Archive for the ‘CS’ Category

Someday…

Monday, April 30th, 2007

Someday, I am going to stop printing out solutions for any of the CO programs I write, the print out will be fairly simple:

“Solution Verified”
or
“Failed to Verify Solution”

I like results, I like the creative process, but results make me happy. The way there, fun as it is, is often filled with anxiety. It is a lot like being in a mode of transportation for a while.

Ze Panda

Freeing stuff, 64-bits

Monday, March 5th, 2007

Being not completely sure about freeing large chunks of memory successfully sucks, oh well. Also need to find ways of finding better lower bounds on my graph coloring algorithms, the current one gives a maximal lower bound of something like number of colors + 2, and hence without the greedy adjustment to the upper bound, it goes on to explore too much of the tree, not that it isn’t exploring too much of the trees already. I am not completely sure why I am doing this Combinatorial Optimization class, it makes me happy, but also keeps me up and such, much like 167/9 except it is so much earlier in the semester. Also it would be nice if this supposedly 64-bit machine supported more 64-bitness.

HTA application open today, and course numbers change in a bit, and I am not sure whether I should apply to be a HTA, or what I am taking next semester. The one GRE I am not sure about how to prepare for is a month and a half away, spring break is four weeks away, the summer is a little less than three months away, and senior year is 6 months away. With all the people I know who got into fancy grad school’s this year, I am not sure whether I should be celebrating the apparent fact that grad school’s do indeed accept people, or cowering in fright, apprehensive about being the only person not getting into everything.

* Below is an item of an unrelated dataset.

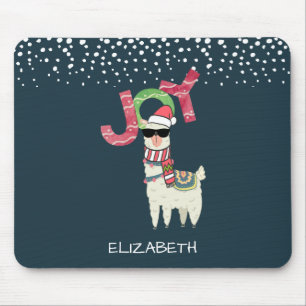 Llama mit Weihnachtsmannmütze und Sonnenbrille Joy Mousepad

Oh well, back to work.

Ze Panda

Watch This

Friday, February 16th, 2007

Watch this, it is amusing, despite obvious similarities to lives of too many people in any cs departments.

Ze Panda

PS: I am surprise NVidia let me into there CUDA pre-release program
PPS: Documentation on ATI shaders, especially things related to how to build them on Macs is fairly limited, this seems to be a recurring theme.

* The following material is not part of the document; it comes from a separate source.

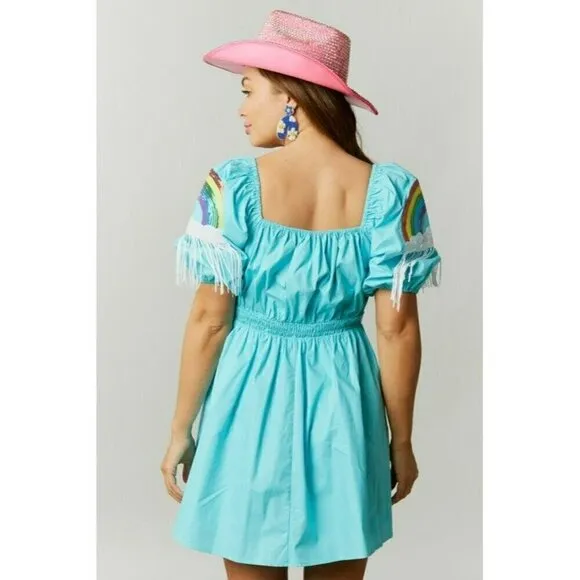 Happiest Day Ever Rainbow Sequin Sleeve Dress in Sky Blue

A little knowledge can be dangerous

Monday, February 12th, 2007

Living in a world full of NP-complete problems with polynomial time approximation makes it so much harder to appreciate stories such as this. Well fine so there is the remote possibility that someday I might own a 80-processor beast, on the other hand, I am not going any faster on my DP solution to the knapsack problem using one of those beasts, though I guess it will help with other approaches. There is also little chance that we’ll be producing much better approximates to problems involving better estimates for what to probe while attempting to solve certain optimization problems. On the other hand I could use the 80 cores to run really fast ray tracing, or test lots of hypothesis simultaneously. Maybe brute forcing stuff on n-cores is the future, and even that does not give a theoretically pretty solution. Well, there is a non-zero probability that someone announces a viable quantum computer tomorrow, and then I can weep about buying this dual-core beast this year.

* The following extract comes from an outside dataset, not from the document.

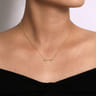 14K Yellow Gold Diamond Arrow Necklace - 0.03 ct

Also for those who didn’t know, folks over at Skype have an API available. The API for OS X (Cocoa and/or Carbon, the AppleScript API as it exists now does not give return values and is hence useless for a lot of things, though I can see cool tricks with using Address Book and such) currently relies on passing space separated strings back and forth, sort of like most RFCs produced before the dawn of the XML era. The API seems cool, but is designed mostly for USB and other Skype supported devices, but seeing as said devices seem expensive (at least the nicer ones), and seeing as Skype until recently offered $7/year anywhere in the US calling, I think this is one of those cool things you can use to send music, text read by text to speech stff, and other things over phone lines. Think of all the fun you could have with calling up friends over an unrecognizable phone number and scaring them, think of all the computer generated voices, think of all the hours of fun that can be had. Now if only someone would document Core Audio better :)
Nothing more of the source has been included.